For the rest of you, read on.
First off, read this phenomenal article from Ace of Spades, which is what got me thinking about this. I’m not going to copy what he wrote because he already did it. I am just going to share my own experience with this topic.
Did you read it yet? Good.

Now, my case was one where my partner in crime Steve and I were joking around before a big briefing, an important one for the office. Unfortunately, we joked a little too much and one of the bosses was nervous we were going to screw up. That made things more serious. But, I learn and process better in a more relaxed environment when the pressure is on. I couldn’t explain it to you, but quipping farty puns and That’s what she said and breaking into song back and forth while analyzing something that could cost someone’s life is cathartic, and we flourished in that job. What is it, dark humor? And this ties into Aces blog.
We have forgotten, as a society, how to have fun. Everything we do is serious, all the work we do is measured carefully and rated against precise metrics. Occasionally a study will come out and say people who have more fun are more productive and the Panjandrums will try to Institute a formal fun atmosphere that makes it less fun. And the cycle continues.
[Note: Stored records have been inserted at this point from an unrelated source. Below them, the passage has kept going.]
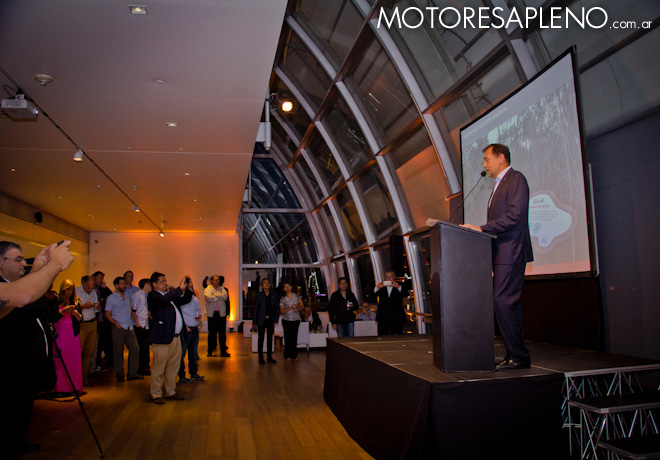 Toyota presentó su Reporte de Sustentabilidad 2017 1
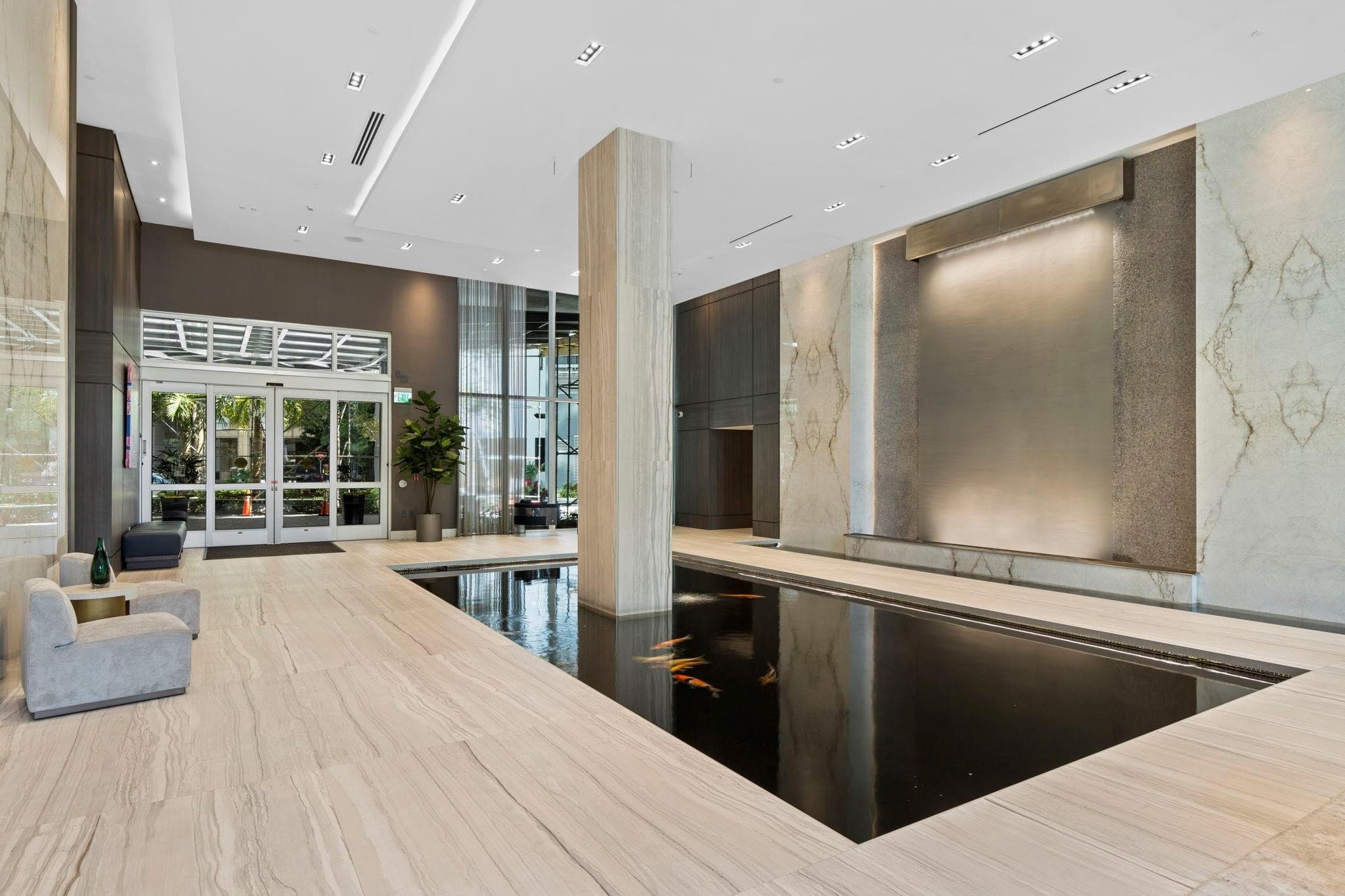 333 Las Olas Way 2308, Fort Lauderdale, FL 33301 — photo 23 of 50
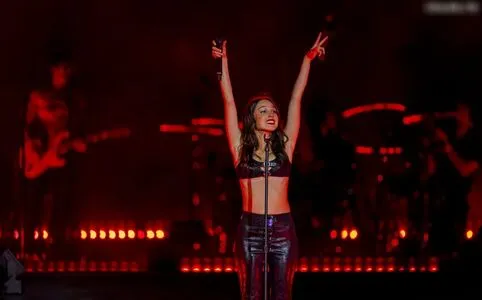 Olivia Rodrigo OnlyFans Leaked Free Thumbnail Picture - #icVAA67rPF
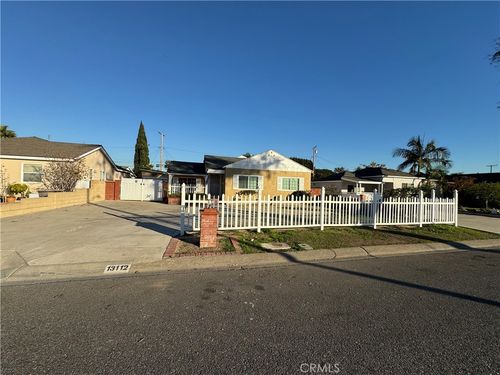 13112 Sandra Pl, Garden Grove, CA, 92843-1318 | Card Image
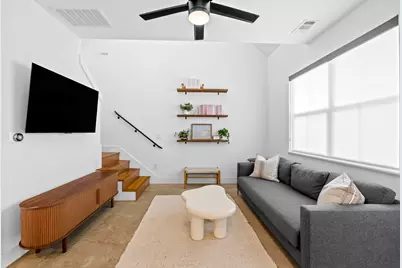 1706 Perez Street #2, Austin, TX 78721 - Photo 5
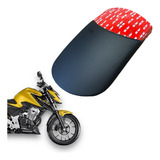 Extensor Alongador Paralama Dianteiro Cb300f Twister 300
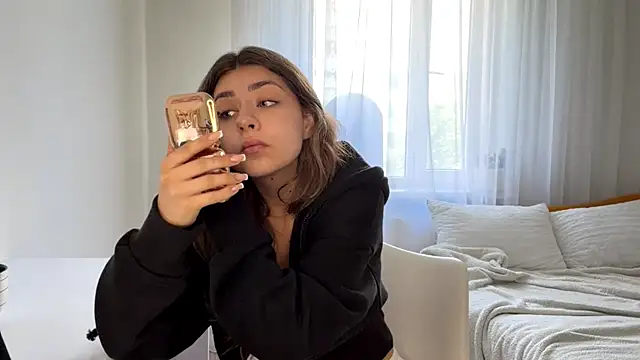 Adrll Cute online show from 07-29-26, 11:52
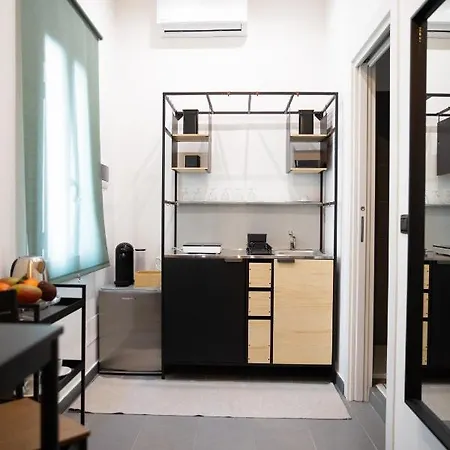 Calefati Up Apartment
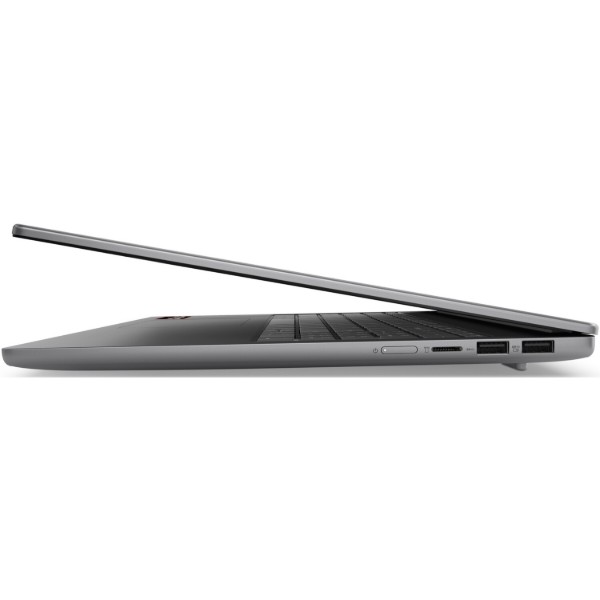 Фото - Ноутбук Lenovo IdeaPad Slim 5 16AHP11 (83S40016RA) Luna Grey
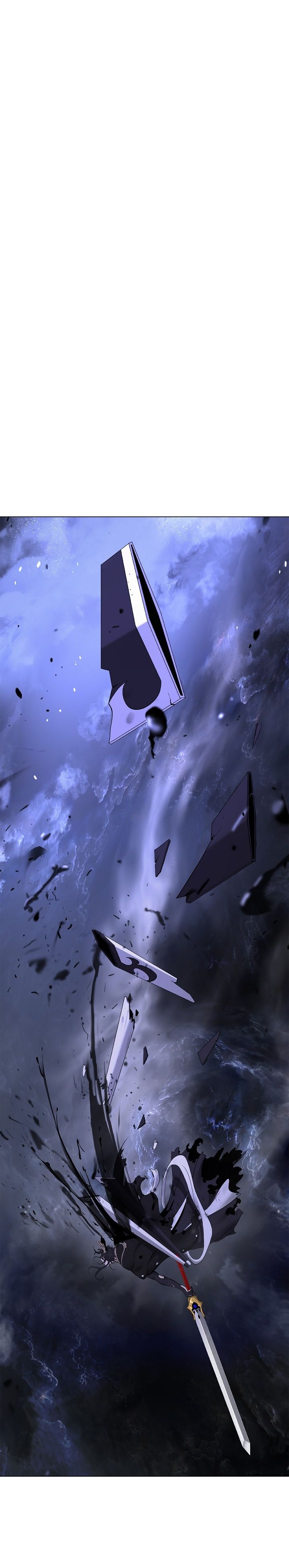 Halaman 33 dari Cystic Story (Call The Spear) Chapter 225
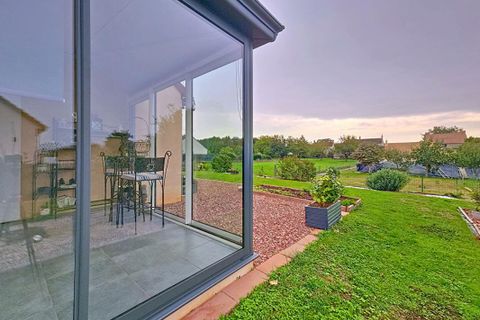 Villa a Saint-Victeur, Sarthe, Saint-Victeur - € 220.500 | Ref: 422908TYF - foto 13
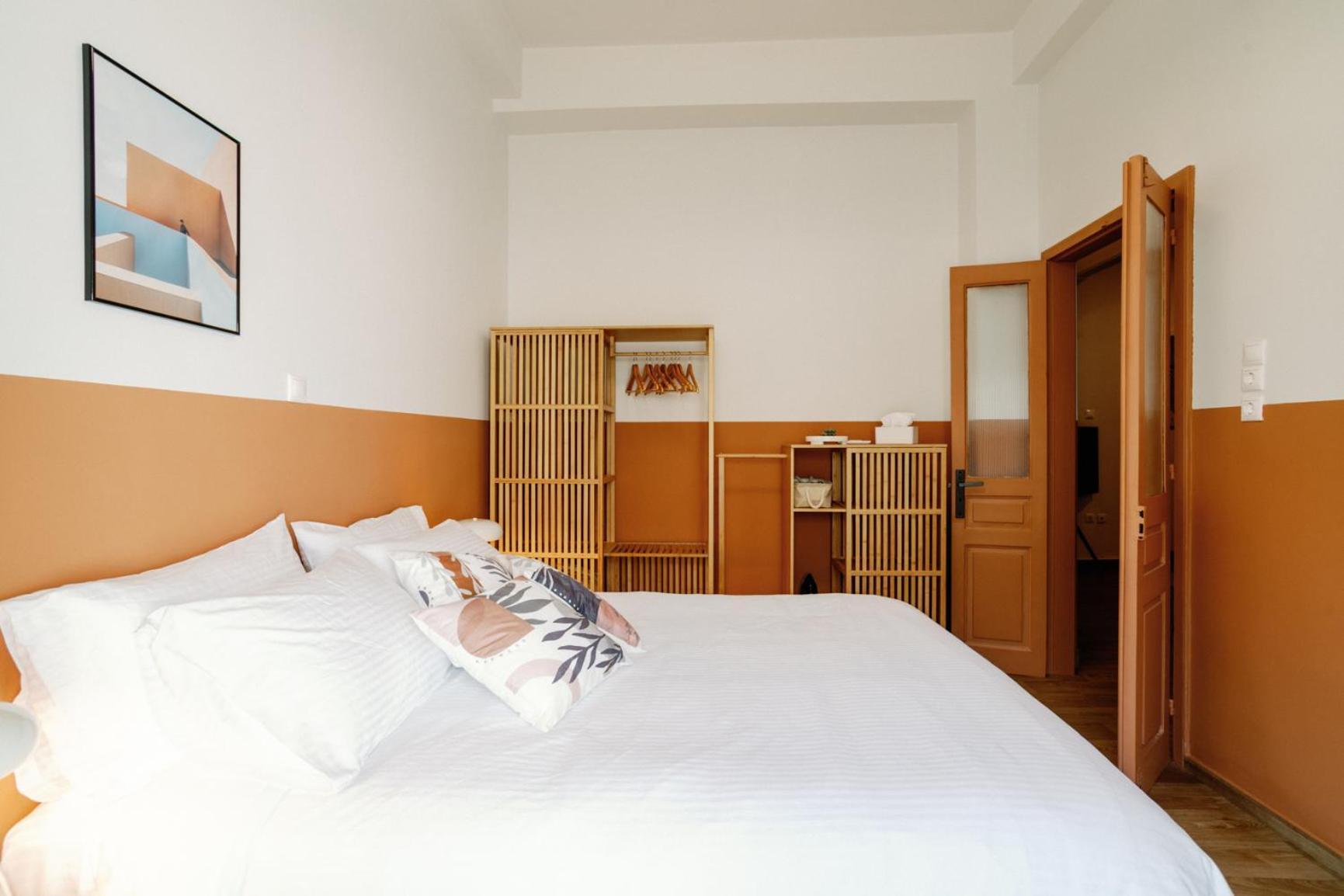 Italian Gem In The Heart Of Kos Apartment Екстериор снимка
The guys in the article, they drew a giant wang in the sky, as a challenge to themselves. And they did a fantastic job and should be commended. I’m willing to bet that they don’t teach skywriting in aviation school. They teach stringing together turns, the science of contrails, g forces, etc, but not skywriting. What the aviator, God bless him, did was put all of it together to make a complex maneuver. And in hindsight, may be useful to teach future aviators to contact people on the ground without radio or connectivity. Let’s be perfectly clear here, they did a phenomenal job!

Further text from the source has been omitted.